This was June 15, 1978, the first of six consecutiv­e nights in West London with which he kicked off the European leg of a world tour. Anticipati­on and uncertaint­y were running high. Although Street-legal was released that very day, few arriving at the old exhibition hall that evening could have heard it.

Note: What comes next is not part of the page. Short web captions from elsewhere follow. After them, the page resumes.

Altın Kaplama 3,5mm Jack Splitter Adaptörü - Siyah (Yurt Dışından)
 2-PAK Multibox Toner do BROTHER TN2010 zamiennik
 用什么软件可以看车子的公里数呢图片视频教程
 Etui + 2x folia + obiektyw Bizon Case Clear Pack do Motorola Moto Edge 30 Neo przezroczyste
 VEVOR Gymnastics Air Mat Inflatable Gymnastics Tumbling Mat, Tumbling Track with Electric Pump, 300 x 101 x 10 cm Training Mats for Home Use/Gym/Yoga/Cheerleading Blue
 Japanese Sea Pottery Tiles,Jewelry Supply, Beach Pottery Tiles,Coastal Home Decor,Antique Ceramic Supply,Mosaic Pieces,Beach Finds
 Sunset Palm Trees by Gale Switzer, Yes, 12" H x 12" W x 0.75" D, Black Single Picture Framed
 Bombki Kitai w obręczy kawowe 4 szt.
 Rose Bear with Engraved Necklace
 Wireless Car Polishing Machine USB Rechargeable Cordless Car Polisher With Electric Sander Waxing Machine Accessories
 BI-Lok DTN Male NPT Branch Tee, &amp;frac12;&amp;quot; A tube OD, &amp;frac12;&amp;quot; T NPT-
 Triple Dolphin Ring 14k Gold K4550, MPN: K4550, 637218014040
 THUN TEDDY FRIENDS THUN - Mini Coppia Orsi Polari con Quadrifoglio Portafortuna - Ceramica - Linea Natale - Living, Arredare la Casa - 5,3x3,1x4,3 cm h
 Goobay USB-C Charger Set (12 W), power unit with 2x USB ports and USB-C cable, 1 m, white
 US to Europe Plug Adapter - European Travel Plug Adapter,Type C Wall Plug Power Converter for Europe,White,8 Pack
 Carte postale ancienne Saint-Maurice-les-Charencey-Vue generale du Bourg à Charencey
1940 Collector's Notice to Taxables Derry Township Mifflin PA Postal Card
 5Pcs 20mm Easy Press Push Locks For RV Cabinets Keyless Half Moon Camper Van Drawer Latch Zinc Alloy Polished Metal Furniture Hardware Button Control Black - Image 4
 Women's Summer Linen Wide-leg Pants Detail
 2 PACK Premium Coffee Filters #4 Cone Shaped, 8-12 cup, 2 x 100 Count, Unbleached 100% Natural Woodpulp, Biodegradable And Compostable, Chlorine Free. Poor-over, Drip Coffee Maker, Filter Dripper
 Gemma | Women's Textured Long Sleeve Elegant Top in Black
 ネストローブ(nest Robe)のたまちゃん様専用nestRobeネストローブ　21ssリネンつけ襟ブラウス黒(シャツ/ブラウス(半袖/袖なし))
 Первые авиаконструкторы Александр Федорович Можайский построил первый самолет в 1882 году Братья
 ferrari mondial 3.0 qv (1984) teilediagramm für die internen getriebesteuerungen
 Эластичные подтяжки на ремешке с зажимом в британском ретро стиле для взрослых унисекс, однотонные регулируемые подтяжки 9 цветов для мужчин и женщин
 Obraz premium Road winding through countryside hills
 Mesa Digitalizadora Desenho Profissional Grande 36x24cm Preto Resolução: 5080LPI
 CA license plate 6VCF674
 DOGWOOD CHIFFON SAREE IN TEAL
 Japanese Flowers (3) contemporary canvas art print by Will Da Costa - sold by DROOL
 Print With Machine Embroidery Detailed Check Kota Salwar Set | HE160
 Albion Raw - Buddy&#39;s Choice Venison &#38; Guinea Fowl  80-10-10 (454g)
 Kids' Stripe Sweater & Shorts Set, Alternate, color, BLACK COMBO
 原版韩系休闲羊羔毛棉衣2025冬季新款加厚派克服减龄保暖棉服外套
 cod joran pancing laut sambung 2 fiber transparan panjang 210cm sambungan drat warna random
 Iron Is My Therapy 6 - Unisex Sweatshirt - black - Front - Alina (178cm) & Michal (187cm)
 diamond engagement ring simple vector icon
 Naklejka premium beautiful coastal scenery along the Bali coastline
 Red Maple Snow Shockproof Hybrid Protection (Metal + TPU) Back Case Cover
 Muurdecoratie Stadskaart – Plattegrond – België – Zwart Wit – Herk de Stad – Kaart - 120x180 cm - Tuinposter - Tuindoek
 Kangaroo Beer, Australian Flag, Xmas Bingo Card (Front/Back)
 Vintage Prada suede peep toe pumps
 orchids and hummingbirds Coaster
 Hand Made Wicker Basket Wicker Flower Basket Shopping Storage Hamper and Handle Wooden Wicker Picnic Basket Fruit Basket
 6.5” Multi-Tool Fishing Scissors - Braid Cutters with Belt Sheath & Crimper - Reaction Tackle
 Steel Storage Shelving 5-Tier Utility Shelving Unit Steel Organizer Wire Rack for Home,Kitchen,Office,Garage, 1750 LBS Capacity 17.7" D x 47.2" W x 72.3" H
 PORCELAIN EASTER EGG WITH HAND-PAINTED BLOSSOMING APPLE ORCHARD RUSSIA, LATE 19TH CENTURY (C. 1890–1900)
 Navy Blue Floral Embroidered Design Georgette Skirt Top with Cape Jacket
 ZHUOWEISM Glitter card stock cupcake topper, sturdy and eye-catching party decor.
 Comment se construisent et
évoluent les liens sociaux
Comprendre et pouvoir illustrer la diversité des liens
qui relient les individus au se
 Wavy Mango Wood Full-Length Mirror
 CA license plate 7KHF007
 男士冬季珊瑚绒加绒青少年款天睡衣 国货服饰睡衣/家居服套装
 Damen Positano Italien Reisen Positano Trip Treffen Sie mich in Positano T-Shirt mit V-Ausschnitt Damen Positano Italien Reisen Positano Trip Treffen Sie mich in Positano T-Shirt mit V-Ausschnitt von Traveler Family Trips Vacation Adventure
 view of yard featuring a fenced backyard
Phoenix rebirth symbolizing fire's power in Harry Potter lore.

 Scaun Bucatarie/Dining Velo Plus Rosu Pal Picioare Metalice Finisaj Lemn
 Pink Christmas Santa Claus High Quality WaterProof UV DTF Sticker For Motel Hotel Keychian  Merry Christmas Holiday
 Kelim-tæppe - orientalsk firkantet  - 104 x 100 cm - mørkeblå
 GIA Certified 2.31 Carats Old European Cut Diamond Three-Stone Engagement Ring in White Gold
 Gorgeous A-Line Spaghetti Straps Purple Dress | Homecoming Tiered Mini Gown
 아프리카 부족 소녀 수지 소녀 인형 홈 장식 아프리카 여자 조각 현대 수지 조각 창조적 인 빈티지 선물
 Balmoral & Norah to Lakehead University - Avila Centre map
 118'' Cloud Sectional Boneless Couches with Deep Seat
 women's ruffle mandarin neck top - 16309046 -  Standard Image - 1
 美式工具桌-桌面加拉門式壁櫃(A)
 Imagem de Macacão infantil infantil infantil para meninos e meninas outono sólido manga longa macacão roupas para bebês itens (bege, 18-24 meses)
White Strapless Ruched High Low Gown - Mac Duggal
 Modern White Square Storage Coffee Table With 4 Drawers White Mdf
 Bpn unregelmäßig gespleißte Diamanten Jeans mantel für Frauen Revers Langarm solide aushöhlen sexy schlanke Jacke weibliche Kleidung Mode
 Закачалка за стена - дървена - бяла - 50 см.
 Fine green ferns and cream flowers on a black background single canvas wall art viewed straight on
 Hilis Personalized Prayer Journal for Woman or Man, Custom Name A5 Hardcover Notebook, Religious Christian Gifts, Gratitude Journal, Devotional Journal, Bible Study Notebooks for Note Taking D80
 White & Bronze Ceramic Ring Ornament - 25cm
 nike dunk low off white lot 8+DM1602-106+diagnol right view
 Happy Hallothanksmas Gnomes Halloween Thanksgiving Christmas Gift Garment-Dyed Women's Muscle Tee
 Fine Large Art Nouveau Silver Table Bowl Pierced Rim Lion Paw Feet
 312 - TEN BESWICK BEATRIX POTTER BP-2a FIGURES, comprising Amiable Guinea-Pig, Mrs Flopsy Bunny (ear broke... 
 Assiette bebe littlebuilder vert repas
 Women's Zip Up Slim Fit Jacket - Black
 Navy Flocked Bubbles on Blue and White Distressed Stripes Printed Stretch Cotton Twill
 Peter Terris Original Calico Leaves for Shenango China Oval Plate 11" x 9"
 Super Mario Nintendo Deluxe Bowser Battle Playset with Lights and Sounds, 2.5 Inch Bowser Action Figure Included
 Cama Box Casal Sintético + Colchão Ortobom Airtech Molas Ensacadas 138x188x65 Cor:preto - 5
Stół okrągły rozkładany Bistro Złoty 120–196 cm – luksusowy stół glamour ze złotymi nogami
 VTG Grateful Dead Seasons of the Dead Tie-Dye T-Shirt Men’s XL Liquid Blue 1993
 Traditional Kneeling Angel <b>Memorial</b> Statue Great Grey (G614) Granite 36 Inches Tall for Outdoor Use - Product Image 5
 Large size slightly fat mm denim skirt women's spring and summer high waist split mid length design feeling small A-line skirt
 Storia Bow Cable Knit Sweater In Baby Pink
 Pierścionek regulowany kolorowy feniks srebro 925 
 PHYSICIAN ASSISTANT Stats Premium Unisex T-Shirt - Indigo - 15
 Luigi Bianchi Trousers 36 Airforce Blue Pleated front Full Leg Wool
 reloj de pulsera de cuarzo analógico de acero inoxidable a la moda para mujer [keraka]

It was soon clear was that this was outside our previous experience of Dylan on stage with a band. This was neither the maximum rock and roll he performed with the Hawks nor the gypsy music of the Rolling Thunder troupe. The Dylan of 1978 was looking for a more discipline­d setting for his songs, one that could be provided by a band featuring Billy Cross and Steven Soles on guitars, David Mansfield (violin and mandolin), Alan Pasqua (keyboards), Jerry Scheff (bass guitar), Ian Wallace (drums), Bobbye Hall (percussion) and Steve Douglas on soprano and tenor saxes, with Helena Springs, Jo Ann Harris and Carolyn Dennis on backing vocals.

The black lightning bolts down the sideseams of Dylan’s white flares were the first sight of a sartorial preference that would become habitual. Playing a black Stratocast­er throughout, he restricted his harmonica solos to a couple of songs, “Love Minus Zero” and “Just Like a Woman”.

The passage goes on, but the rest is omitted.